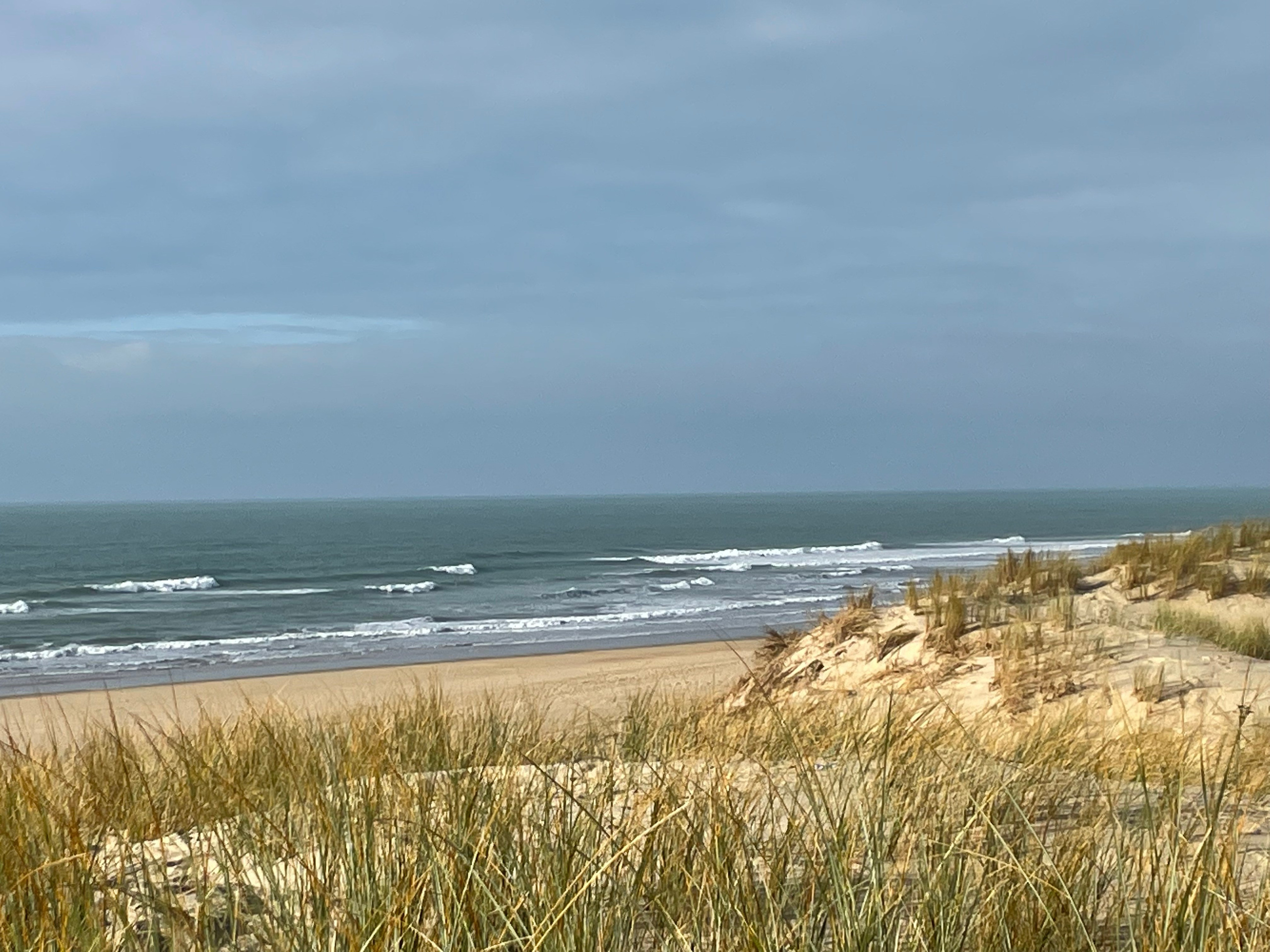 Materials collection and inspiration. Anne-Flore REY, Artist — Painter and Sculptor in TOULOUSE (FR)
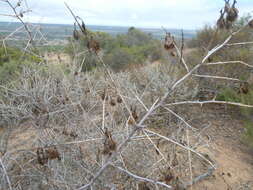 Image of Wiborgia mucronata (L. fil.) Druce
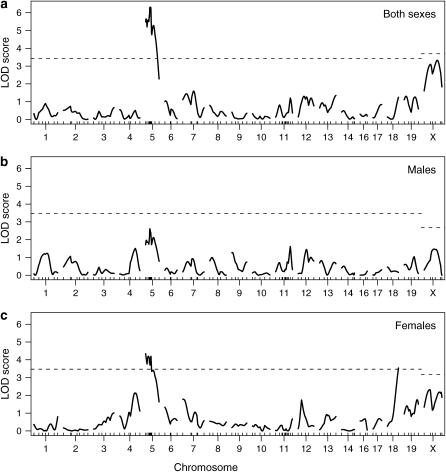 Figure 4.—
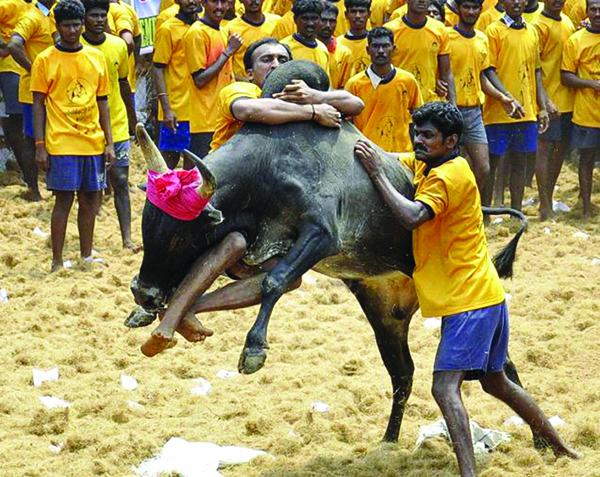 ಜಲ್ಲಿಕಟ್ಟು ಎಂಬ ಕ್ರೂರ ಆಚರಣೆ
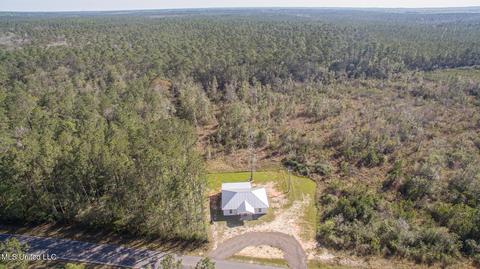 25175 Old Americus Rd, Lucedale, MS 39452 photo 19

○ ○ ○

--- Work order ---
None of the pictures belong in the result. Print exactly the lines from the one containing "Image of Wiborgia mucronata (L. fil.) Druce" through the final line of the entries.

--- Result of this exercise ---
 Image of Wiborgia mucronata (L. fil.) Druce
 Figure 4.—
 ಜಲ್ಲಿಕಟ್ಟು ಎಂಬ ಕ್ರೂರ ಆಚರಣೆ
 25175 Old Americus Rd, Lucedale, MS 39452 photo 19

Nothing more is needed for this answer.